◆ Task to complete
Read the entries that follow and give each one again precisely.

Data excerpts
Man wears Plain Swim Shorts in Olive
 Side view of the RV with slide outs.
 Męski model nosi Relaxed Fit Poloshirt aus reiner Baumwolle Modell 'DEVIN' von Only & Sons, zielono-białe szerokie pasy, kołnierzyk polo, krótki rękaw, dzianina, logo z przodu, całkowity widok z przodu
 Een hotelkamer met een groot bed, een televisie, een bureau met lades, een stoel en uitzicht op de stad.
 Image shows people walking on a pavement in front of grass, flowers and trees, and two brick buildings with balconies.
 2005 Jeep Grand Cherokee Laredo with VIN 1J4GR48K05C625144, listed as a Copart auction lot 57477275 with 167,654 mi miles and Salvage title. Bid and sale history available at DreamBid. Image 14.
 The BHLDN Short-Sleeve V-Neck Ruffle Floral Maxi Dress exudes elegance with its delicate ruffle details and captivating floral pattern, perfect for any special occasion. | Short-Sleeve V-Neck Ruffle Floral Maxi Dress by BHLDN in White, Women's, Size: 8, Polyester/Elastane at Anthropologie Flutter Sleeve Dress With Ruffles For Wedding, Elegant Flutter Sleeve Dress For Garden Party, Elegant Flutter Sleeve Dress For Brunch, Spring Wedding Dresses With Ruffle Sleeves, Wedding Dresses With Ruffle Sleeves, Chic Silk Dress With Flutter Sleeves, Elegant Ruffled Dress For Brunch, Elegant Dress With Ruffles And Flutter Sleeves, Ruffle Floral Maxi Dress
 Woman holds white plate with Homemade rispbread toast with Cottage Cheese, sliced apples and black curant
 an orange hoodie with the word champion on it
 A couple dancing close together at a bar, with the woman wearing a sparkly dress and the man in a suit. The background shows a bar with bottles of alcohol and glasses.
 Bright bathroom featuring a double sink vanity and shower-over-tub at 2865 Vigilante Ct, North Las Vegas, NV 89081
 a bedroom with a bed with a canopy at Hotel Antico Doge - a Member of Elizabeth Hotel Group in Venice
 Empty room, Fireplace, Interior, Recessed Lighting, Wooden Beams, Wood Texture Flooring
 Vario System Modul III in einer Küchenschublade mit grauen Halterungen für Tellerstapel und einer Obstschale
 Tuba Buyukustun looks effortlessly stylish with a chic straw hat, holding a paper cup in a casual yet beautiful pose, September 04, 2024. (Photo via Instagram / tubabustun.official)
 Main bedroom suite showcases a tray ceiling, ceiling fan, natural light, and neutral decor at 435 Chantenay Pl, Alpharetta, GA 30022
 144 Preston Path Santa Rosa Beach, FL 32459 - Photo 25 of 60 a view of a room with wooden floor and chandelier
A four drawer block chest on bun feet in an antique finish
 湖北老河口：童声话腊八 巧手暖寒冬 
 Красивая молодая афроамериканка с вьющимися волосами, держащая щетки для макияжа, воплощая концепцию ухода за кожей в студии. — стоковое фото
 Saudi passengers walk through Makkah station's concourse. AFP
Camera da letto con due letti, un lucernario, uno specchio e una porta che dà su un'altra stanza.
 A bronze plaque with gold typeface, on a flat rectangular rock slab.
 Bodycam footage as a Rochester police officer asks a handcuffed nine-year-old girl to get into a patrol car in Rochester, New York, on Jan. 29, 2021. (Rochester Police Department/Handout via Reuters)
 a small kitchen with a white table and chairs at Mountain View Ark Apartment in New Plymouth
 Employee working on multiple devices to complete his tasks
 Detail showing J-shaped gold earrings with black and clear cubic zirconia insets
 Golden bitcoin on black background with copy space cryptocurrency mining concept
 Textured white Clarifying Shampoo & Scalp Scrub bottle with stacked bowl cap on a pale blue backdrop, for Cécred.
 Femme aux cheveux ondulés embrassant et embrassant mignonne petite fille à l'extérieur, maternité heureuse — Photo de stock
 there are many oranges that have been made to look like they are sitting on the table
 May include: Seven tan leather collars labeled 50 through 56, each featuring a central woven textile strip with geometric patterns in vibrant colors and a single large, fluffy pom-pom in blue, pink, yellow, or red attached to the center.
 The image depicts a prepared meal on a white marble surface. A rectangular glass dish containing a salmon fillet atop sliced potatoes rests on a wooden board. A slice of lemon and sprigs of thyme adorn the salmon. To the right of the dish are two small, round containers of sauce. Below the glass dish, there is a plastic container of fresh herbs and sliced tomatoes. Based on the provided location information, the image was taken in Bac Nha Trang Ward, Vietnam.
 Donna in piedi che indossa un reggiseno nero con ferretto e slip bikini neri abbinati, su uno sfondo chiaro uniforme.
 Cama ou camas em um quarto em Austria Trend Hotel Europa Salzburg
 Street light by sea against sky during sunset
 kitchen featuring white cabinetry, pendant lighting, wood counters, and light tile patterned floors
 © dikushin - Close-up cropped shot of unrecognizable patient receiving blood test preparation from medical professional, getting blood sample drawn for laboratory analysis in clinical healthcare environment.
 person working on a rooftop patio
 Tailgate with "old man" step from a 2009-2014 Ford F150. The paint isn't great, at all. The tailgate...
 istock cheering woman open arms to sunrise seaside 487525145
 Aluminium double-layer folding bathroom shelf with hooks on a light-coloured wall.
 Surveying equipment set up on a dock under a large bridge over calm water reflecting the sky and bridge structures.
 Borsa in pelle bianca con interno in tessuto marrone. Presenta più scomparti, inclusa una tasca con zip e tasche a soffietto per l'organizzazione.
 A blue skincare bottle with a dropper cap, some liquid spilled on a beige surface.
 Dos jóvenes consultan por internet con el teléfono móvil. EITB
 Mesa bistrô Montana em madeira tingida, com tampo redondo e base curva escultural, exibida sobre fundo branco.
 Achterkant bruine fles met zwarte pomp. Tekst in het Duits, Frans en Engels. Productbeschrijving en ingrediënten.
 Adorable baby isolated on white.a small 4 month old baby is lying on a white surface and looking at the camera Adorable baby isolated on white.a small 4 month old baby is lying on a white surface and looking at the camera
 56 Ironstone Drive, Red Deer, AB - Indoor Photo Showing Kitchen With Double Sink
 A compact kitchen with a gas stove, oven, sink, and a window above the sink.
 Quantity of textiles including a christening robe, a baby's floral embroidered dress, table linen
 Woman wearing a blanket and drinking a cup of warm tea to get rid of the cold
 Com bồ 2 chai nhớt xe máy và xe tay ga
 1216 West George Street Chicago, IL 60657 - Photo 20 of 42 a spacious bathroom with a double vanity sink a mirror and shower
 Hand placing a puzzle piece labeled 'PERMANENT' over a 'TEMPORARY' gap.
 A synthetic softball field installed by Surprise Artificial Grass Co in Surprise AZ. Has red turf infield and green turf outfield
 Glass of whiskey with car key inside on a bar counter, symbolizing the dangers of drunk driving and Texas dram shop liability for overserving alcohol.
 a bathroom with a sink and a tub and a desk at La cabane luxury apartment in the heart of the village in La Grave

◆ Solution to the exercise
Man wears Plain Swim Shorts in Olive
 Side view of the RV with slide outs.
 Męski model nosi Relaxed Fit Poloshirt aus reiner Baumwolle Modell 'DEVIN' von Only & Sons, zielono-białe szerokie pasy, kołnierzyk polo, krótki rękaw, dzianina, logo z przodu, całkowity widok z przodu
 Een hotelkamer met een groot bed, een televisie, een bureau met lades, een stoel en uitzicht op de stad.
 Image shows people walking on a pavement in front of grass, flowers and trees, and two brick buildings with balconies.
 2005 Jeep Grand Cherokee Laredo with VIN 1J4GR48K05C625144, listed as a Copart auction lot 57477275 with 167,654 mi miles and Salvage title. Bid and sale history available at DreamBid. Image 14.
 The BHLDN Short-Sleeve V-Neck Ruffle Floral Maxi Dress exudes elegance with its delicate ruffle details and captivating floral pattern, perfect for any special occasion. | Short-Sleeve V-Neck Ruffle Floral Maxi Dress by BHLDN in White, Women's, Size: 8, Polyester/Elastane at Anthropologie Flutter Sleeve Dress With Ruffles For Wedding, Elegant Flutter Sleeve Dress For Garden Party, Elegant Flutter Sleeve Dress For Brunch, Spring Wedding Dresses With Ruffle Sleeves, Wedding Dresses With Ruffle Sleeves, Chic Silk Dress With Flutter Sleeves, Elegant Ruffled Dress For Brunch, Elegant Dress With Ruffles And Flutter Sleeves, Ruffle Floral Maxi Dress
 Woman holds white plate with Homemade rispbread toast with Cottage Cheese, sliced apples and black curant
 an orange hoodie with the word champion on it
 A couple dancing close together at a bar, with the woman wearing a sparkly dress and the man in a suit. The background shows a bar with bottles of alcohol and glasses.
 Bright bathroom featuring a double sink vanity and shower-over-tub at 2865 Vigilante Ct, North Las Vegas, NV 89081
 a bedroom with a bed with a canopy at Hotel Antico Doge - a Member of Elizabeth Hotel Group in Venice
 Empty room, Fireplace, Interior, Recessed Lighting, Wooden Beams, Wood Texture Flooring
 Vario System Modul III in einer Küchenschublade mit grauen Halterungen für Tellerstapel und einer Obstschale
 Tuba Buyukustun looks effortlessly stylish with a chic straw hat, holding a paper cup in a casual yet beautiful pose, September 04, 2024. (Photo via Instagram / tubabustun.official)
 Main bedroom suite showcases a tray ceiling, ceiling fan, natural light, and neutral decor at 435 Chantenay Pl, Alpharetta, GA 30022
 144 Preston Path Santa Rosa Beach, FL 32459 - Photo 25 of 60 a view of a room with wooden floor and chandelier
A four drawer block chest on bun feet in an antique finish
 湖北老河口：童声话腊八 巧手暖寒冬 
 Красивая молодая афроамериканка с вьющимися волосами, держащая щетки для макияжа, воплощая концепцию ухода за кожей в студии. — стоковое фото
 Saudi passengers walk through Makkah station's concourse. AFP
Camera da letto con due letti, un lucernario, uno specchio e una porta che dà su un'altra stanza.
 A bronze plaque with gold typeface, on a flat rectangular rock slab.
 Bodycam footage as a Rochester police officer asks a handcuffed nine-year-old girl to get into a patrol car in Rochester, New York, on Jan. 29, 2021. (Rochester Police Department/Handout via Reuters)
 a small kitchen with a white table and chairs at Mountain View Ark Apartment in New Plymouth
 Employee working on multiple devices to complete his tasks
 Detail showing J-shaped gold earrings with black and clear cubic zirconia insets
 Golden bitcoin on black background with copy space cryptocurrency mining concept
 Textured white Clarifying Shampoo & Scalp Scrub bottle with stacked bowl cap on a pale blue backdrop, for Cécred.
 Femme aux cheveux ondulés embrassant et embrassant mignonne petite fille à l'extérieur, maternité heureuse — Photo de stock
 there are many oranges that have been made to look like they are sitting on the table
 May include: Seven tan leather collars labeled 50 through 56, each featuring a central woven textile strip with geometric patterns in vibrant colors and a single large, fluffy pom-pom in blue, pink, yellow, or red attached to the center.
 The image depicts a prepared meal on a white marble surface. A rectangular glass dish containing a salmon fillet atop sliced potatoes rests on a wooden board. A slice of lemon and sprigs of thyme adorn the salmon. To the right of the dish are two small, round containers of sauce. Below the glass dish, there is a plastic container of fresh herbs and sliced tomatoes. Based on the provided location information, the image was taken in Bac Nha Trang Ward, Vietnam.
 Donna in piedi che indossa un reggiseno nero con ferretto e slip bikini neri abbinati, su uno sfondo chiaro uniforme.
 Cama ou camas em um quarto em Austria Trend Hotel Europa Salzburg
 Street light by sea against sky during sunset
 kitchen featuring white cabinetry, pendant lighting, wood counters, and light tile patterned floors
 © dikushin - Close-up cropped shot of unrecognizable patient receiving blood test preparation from medical professional, getting blood sample drawn for laboratory analysis in clinical healthcare environment.
 person working on a rooftop patio
 Tailgate with "old man" step from a 2009-2014 Ford F150. The paint isn't great, at all. The tailgate...
 istock cheering woman open arms to sunrise seaside 487525145
 Aluminium double-layer folding bathroom shelf with hooks on a light-coloured wall.
 Surveying equipment set up on a dock under a large bridge over calm water reflecting the sky and bridge structures.
 Borsa in pelle bianca con interno in tessuto marrone. Presenta più scomparti, inclusa una tasca con zip e tasche a soffietto per l'organizzazione.
 A blue skincare bottle with a dropper cap, some liquid spilled on a beige surface.
 Dos jóvenes consultan por internet con el teléfono móvil. EITB
 Mesa bistrô Montana em madeira tingida, com tampo redondo e base curva escultural, exibida sobre fundo branco.
 Achterkant bruine fles met zwarte pomp. Tekst in het Duits, Frans en Engels. Productbeschrijving en ingrediënten.
 Adorable baby isolated on white.a small 4 month old baby is lying on a white surface and looking at the camera Adorable baby isolated on white.a small 4 month old baby is lying on a white surface and looking at the camera
 56 Ironstone Drive, Red Deer, AB - Indoor Photo Showing Kitchen With Double Sink
 A compact kitchen with a gas stove, oven, sink, and a window above the sink.
 Quantity of textiles including a christening robe, a baby's floral embroidered dress, table linen
 Woman wearing a blanket and drinking a cup of warm tea to get rid of the cold
 Com bồ 2 chai nhớt xe máy và xe tay ga
 1216 West George Street Chicago, IL 60657 - Photo 20 of 42 a spacious bathroom with a double vanity sink a mirror and shower
 Hand placing a puzzle piece labeled 'PERMANENT' over a 'TEMPORARY' gap.
 A synthetic softball field installed by Surprise Artificial Grass Co in Surprise AZ. Has red turf infield and green turf outfield
 Glass of whiskey with car key inside on a bar counter, symbolizing the dangers of drunk driving and Texas dram shop liability for overserving alcohol.
 a bathroom with a sink and a tub and a desk at La cabane luxury apartment in the heart of the village in La Grave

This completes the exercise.